TASK BRIEF
Using the records below, give again exactly the lines from the line that contains "35 Drum SVG" through the line that contains "Noble Zip Jacket", both ends included, and only those.

(Scraped caption text data)
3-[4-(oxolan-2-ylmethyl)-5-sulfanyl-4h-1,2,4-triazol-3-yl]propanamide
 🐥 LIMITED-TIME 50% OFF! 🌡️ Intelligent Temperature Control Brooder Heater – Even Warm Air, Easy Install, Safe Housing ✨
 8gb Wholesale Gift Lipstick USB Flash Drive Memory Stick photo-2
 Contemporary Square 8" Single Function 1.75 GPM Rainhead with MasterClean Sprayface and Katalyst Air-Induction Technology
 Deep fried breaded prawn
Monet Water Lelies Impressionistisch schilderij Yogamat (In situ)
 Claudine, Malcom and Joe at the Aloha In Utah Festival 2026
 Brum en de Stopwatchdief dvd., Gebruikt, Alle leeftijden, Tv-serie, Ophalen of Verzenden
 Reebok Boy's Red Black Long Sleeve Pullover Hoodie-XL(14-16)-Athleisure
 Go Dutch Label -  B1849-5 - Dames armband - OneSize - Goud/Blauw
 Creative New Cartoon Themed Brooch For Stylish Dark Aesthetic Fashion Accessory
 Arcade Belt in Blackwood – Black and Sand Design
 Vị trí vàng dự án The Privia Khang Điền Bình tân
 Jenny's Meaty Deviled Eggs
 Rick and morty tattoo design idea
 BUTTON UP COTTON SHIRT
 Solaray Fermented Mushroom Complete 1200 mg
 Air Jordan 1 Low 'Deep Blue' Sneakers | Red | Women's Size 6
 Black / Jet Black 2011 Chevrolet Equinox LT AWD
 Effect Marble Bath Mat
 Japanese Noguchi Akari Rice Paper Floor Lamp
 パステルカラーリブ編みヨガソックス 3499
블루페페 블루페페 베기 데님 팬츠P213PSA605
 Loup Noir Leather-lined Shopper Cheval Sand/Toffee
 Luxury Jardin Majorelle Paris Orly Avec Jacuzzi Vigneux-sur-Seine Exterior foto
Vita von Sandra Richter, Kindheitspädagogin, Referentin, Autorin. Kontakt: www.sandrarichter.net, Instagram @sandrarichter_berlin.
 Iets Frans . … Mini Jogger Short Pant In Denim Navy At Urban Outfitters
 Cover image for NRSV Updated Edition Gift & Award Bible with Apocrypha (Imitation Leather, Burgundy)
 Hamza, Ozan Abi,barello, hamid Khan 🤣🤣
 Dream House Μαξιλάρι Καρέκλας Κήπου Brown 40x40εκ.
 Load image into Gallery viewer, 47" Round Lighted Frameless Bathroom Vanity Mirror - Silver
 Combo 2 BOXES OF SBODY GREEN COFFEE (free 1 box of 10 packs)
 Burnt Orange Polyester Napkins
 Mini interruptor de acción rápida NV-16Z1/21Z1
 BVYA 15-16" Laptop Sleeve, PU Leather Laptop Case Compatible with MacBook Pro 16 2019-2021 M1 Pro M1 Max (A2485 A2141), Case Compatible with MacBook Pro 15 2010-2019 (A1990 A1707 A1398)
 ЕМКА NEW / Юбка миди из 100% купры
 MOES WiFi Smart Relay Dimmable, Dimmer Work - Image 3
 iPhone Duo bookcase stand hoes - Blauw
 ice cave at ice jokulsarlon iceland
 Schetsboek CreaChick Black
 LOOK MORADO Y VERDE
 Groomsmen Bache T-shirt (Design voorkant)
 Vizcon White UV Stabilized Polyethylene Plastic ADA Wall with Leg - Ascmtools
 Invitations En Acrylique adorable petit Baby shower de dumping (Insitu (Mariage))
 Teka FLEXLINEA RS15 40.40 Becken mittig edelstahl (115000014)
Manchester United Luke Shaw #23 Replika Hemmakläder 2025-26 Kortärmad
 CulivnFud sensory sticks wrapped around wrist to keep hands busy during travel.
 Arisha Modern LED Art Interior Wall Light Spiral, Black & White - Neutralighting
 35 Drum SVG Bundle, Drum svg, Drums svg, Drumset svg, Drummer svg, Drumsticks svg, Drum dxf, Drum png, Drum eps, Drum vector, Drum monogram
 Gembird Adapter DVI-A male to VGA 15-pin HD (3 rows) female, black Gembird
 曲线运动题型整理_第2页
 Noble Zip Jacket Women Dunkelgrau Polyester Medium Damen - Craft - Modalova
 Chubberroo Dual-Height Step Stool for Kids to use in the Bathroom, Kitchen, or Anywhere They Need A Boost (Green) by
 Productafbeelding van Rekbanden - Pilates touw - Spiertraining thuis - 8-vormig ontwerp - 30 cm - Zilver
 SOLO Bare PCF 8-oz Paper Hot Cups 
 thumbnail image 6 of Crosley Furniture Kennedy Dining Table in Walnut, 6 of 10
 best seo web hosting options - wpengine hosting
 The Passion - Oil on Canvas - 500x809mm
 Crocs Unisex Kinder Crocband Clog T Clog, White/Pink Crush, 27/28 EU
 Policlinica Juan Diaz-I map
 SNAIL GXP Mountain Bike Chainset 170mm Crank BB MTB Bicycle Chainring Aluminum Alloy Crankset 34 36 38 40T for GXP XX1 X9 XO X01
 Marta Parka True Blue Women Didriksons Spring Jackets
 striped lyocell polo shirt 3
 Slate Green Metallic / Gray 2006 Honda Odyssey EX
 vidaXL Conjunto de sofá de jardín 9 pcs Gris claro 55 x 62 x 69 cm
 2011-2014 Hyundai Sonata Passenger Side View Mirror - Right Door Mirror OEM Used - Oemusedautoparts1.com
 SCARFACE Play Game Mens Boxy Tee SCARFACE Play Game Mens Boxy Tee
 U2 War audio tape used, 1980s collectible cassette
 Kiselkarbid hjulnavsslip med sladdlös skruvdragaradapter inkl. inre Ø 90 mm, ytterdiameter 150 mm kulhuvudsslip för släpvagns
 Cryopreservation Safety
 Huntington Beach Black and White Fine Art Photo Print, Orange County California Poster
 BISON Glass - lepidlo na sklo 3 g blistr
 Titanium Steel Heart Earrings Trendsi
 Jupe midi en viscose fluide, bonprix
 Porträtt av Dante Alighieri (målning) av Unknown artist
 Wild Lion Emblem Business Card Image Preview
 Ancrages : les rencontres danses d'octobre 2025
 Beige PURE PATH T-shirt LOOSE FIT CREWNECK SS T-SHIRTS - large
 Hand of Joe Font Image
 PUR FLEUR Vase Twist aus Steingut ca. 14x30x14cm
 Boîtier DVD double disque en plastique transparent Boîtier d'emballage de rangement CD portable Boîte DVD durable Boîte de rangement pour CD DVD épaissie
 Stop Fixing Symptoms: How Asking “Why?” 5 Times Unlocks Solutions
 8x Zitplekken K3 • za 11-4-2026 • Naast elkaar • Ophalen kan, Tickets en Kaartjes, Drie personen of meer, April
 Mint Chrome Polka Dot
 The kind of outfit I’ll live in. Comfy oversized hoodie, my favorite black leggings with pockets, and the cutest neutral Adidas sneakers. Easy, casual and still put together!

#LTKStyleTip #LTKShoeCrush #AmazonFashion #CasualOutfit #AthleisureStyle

PROBLEM SOLUTION
 35 Drum SVG Bundle, Drum svg, Drums svg, Drumset svg, Drummer svg, Drumsticks svg, Drum dxf, Drum png, Drum eps, Drum vector, Drum monogram
 Gembird Adapter DVI-A male to VGA 15-pin HD (3 rows) female, black Gembird
 曲线运动题型整理_第2页
 Noble Zip Jacket Women Dunkelgrau Polyester Medium Damen - Craft - Modalova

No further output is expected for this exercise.